Who casts not up his eye to the sun when it rises? but who takes off his eye from a comet when that breaks out? Who bends not his ear to any bell which upon any occasion rings? but who can remove it from that bell which is passing a piece of himself out of this world? No man is an island, entire of itself; every man is a piece of the continent, a part of the main. If a clod be washed away by the sea, Europe is the less, as well as if a promontory were, as well as if a manor of thy friend’s or of thine own. Any man’s death diminishes me, because I am involved in mankind; and therefore never send to know for whom the bell tolls; it tolls for thee.
— John Donne, Meditation 17, Devotions Upon Emergent Occasions
This post started out as a furious rant about the people who run this country inhabiting a moral universe where everyone is an island, nobody has any obligation to help anyone else, and the poor, the sick, the down on their luck, and the elderly are expected to fend for themselves. I was going to rail against the myth of total self-made independence and the worldview that dictates that if you’re in trouble, you don’t
deserve help because you must have brought it on yourself. I was going to make a case for there being such a thing as the public good. And I was going to ask who else thinks we can’t do without each other, can’t abandon each other, no man is an island and all that (hence the John Donne).
But who am I to say that? The accounts of people who’ve been in New Orleans speak for themselves. Read this, and then tell me we couldn’t have done better.
(And if this story is true, something is terribly wrong with us. Can we please, please get past the "every man for himself" philosophy? For once I agree with David Brooks: this has been a Hobbesian decade, and something’s got to give.)
This too shall pass. I hope.
By Amanda on August 31st, 2005
Rana puts her finger on the jittery anxiety that’s been in the air this week. It’s not just Hurricane Katrina, the unnerving reports about bird flu, the price of gas and the thought of how people are going to cope with it, the surreality of most of the news out of Washington; it’s everything all at once.
When I remind myself that things were demonstrably much worse in, e.g., the fourteenth century, and that people are always predicting the end of civilization as we know it, and that the apocalypse has never yet shown up when predicted, and that any historian worth his or her salt can tell you that things have always gone badly and people have always muddled through somehow — that’s reassuring, sort of. I think of how everyone freaked out over Y2K, and how I spent New Year’s Eve 1999 with my friend in New York, and how we were sitting in a bar when midnight struck, the power didn’t go out, planes didn’t fall from the sky, and the world didn’t plunge into chaos. I remind myself that it’s probably human nature to panic and, in the process, to seek out other panicky people and panic some more.
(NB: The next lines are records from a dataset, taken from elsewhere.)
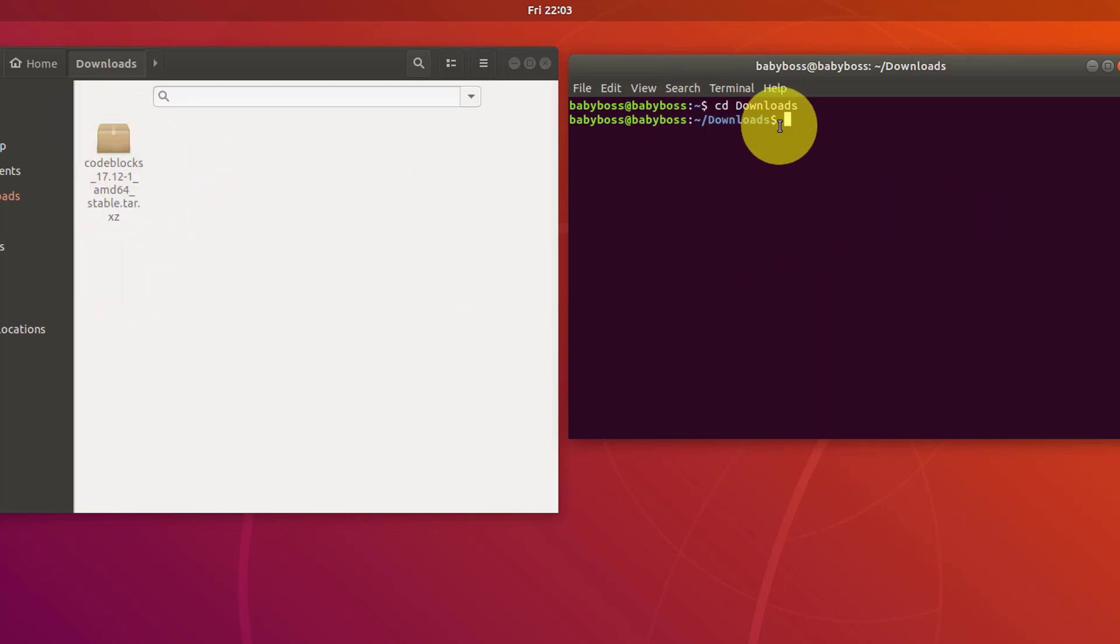Just type tar then space, then type xf. In other cases, you can type xzf also. I will type xf. Now once again space and...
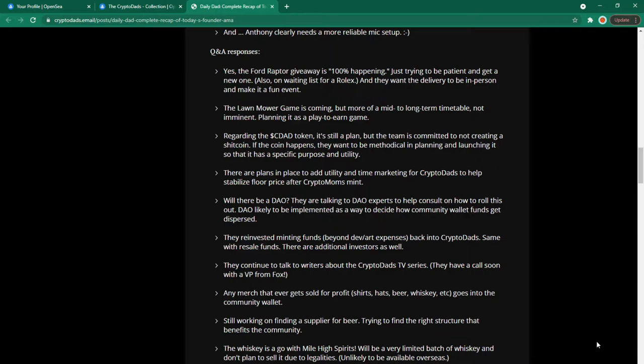Regarding the CDAD token it's still a plan but the team is committed to not creating a bad coin. If the coin happens they want to be methodical in planning and launching it so that it has specific purpose and utility. There are plans in place to add utility and time marketing for crypto dads to help stabilize floor price after crypto moms mint.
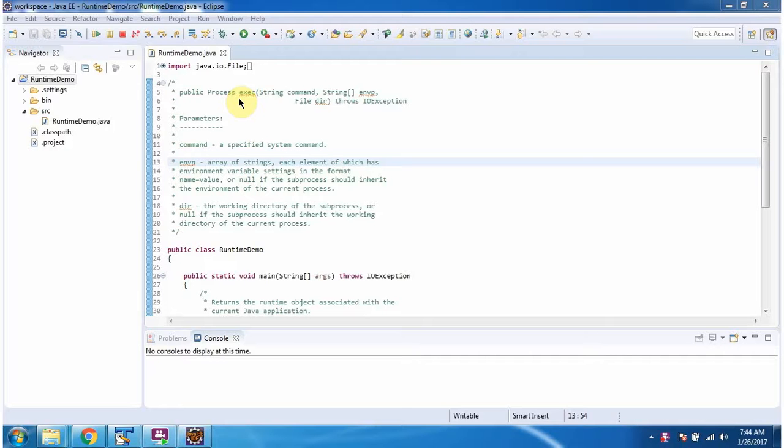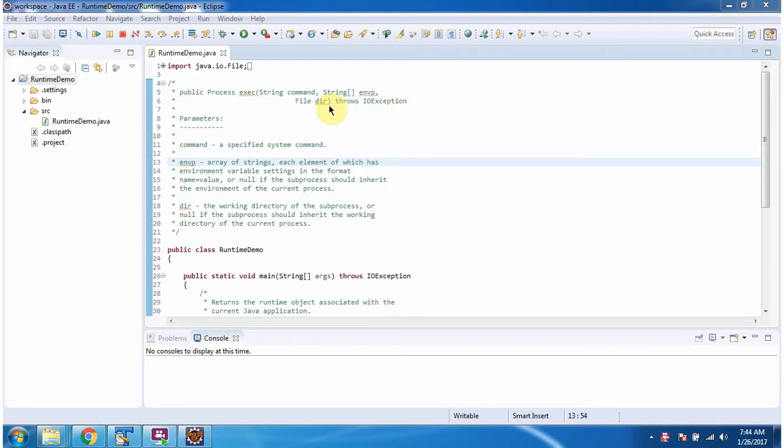Hi, in this video tutorial I will cover the execute method which accepts a command, array of environment variable settings, and the directory location.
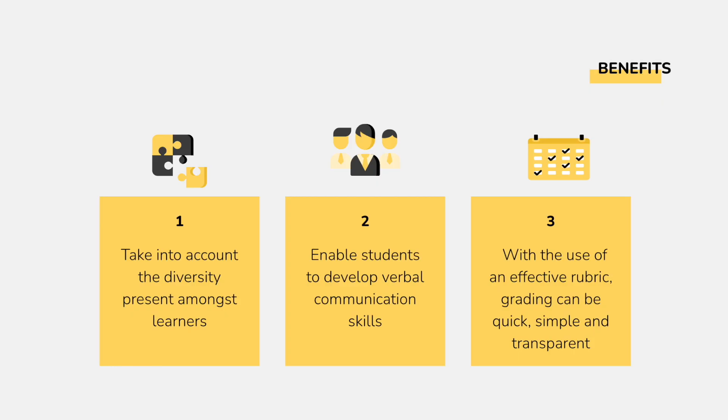Oral or audio assessments have so many benefits. First of all, they take into account the diversity present among learners. They enable students to develop verbal communication skills that will be so valuable in their future careers. With the use of an effective rubric, grading can be quick, simple, and transparent.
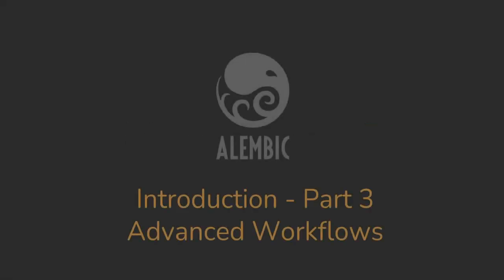Hi, welcome. This short video is going to be an ultra crash course in advanced CG production workflow using Alembic.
And yet: that disaster that didn’t happen was just a potential disaster. It didn’t actually wreck the Gulf Coast, kill poultry in Asia, make the cost of fuel go through the roof, or leave the poor behind to drown.
I fear for us all, sometimes. There seems like so little that any one person can do, though there are always ways to help. Right now I’m concentrating on remembering the way my dad used to say "This too shall pass."